Your task is to implement a Multinomial Naive Bayes Classifier. You must implement fit() which takes training data and preprocesses it for predictions, and _predict() which returns the predicted class for a given feature vector. You should account for an \(\alpha\) value, but you should not use \(\log\) probabilities.

Inputs - fit():

  • X is a NumPy NDArray (matrix) of feature vectors sampled from a multinomial distribution that form your training data. For example, [[1, 1, 0, 1], [2, 3, 4, 1], [3, 4, 2, 1]]. In context of the spam filter, you could imagine each inner as a counter for a text message, with each number representing the occurences of a certain word.
  • y is a NumPy NDArray (vector) representing the classes of each feature vector of X. For example, [0, 0, 1]. In context of the spam filter, you could imagine each number corresponding to a True/False of whether each corresponding text message is spam.
  • alpha is a non-negative integer representing the Laplace smoothing parameter. This represents how much you should add to each feature count per class for calculating likelihood.

Inputs - _predict():

  • x is a NumPy NDArray (vector) representing a feature vector sampled from a multinomial distribution which you should predict the class of from the training data. For example, [1, 2, 0, 1].

Gaussian Classifier

Your task is to implement a Gaussian Naive Bayes Classifier. You must implement fit() which takes training data and preprocesses it for predictions, and _predict() which returns the predicted class for a given feature vector. You do not need to account for an \(\alpha\) value, but you should use \(\log\) probabilities.

Inputs - fit():

  • X is a NumPy NDArray (matrix) of feature vectors with continuous values that form your training data. For example, [[23.4, 11.2, 1.2], [4.3, 5.6, 1.2], [3.3, 2.2, 14.2]]. For some context, you could imagine each inner array as some summary of a customer, and each value as the average number of minutes spent in certain stores.
  • y is a NumPy NDArray (vector) representing the classes of each feature vector of X. For example, [2, 0, 1]. In the same context, these labels could refer to whether the customer is "non-binary, male, female".

Inputs - _predict():

  • x is a NumPy NDArray (vector) representing a feature vector with continuous values which you should predict the class of from the training data. For example, [1.2, 1.1, 6.3].
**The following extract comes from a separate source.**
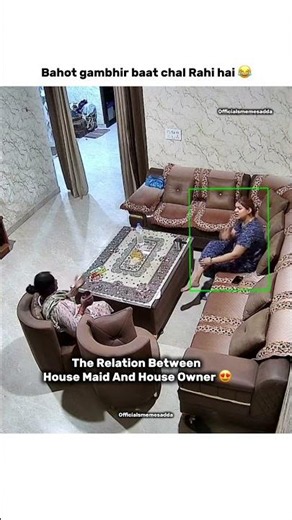 Data Transfer 😂 #funny #memeclip #comedy #housemaid #relation #daliymemes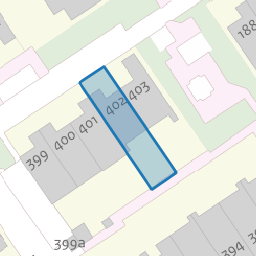 Perceel MSN02-B-2652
Extra Reading: What is so naive?

Remember that at the basic level, a Naive Bayes Classifier wants to find the \(p(C_k | \textbf{X})\) with the greatest value. To calculate this, it needs to calculate \(p(\textbf{x} | C_k)\). However, because this value is generally hard to calculate, we make a big assumption that the features of \(\textbf{x}\) are independent, so we can end up with the formula \(p(\textbf{x} | C_k) = p(x_1 | C_k) \times p(x_2 | C_k) \times p(x_3 | C_k) \times \dots\). It's this assumption that we call naive, because it may or may not turn out to be correct.

There is actually a fantastic intuitive explanation of this on Wikipedia

All naive Bayes classifiers assume that the value of a particular feature is independent of the value of any other feature, given the class variable. For example, a fruit may be considered to be an apple if it is red, round, and about 10 cm in diameter. A naive Bayes classifier considers each of these features to contribute independently to the probability that this fruit is an apple, regardless of any possible correlations between the color, roundness, and diameter features.

Of course, very often this assumption is incorrect, but even in those cases, Naive Bayes Classifiers can still perform remarkably well. In fact, they can even outperform models that don't make such an assumption because they can avoid some of the pitfalls of the curse of dimensionality. For example, if two features are dependent, such as hair length and gender, then assuming independence lets you double count the evidence, which is especially helpful when you're dealing with many, many features.

A more mathematical explanation for Naive Bayes effectiveness can be found in research, but the explanations get quite a bit more involved.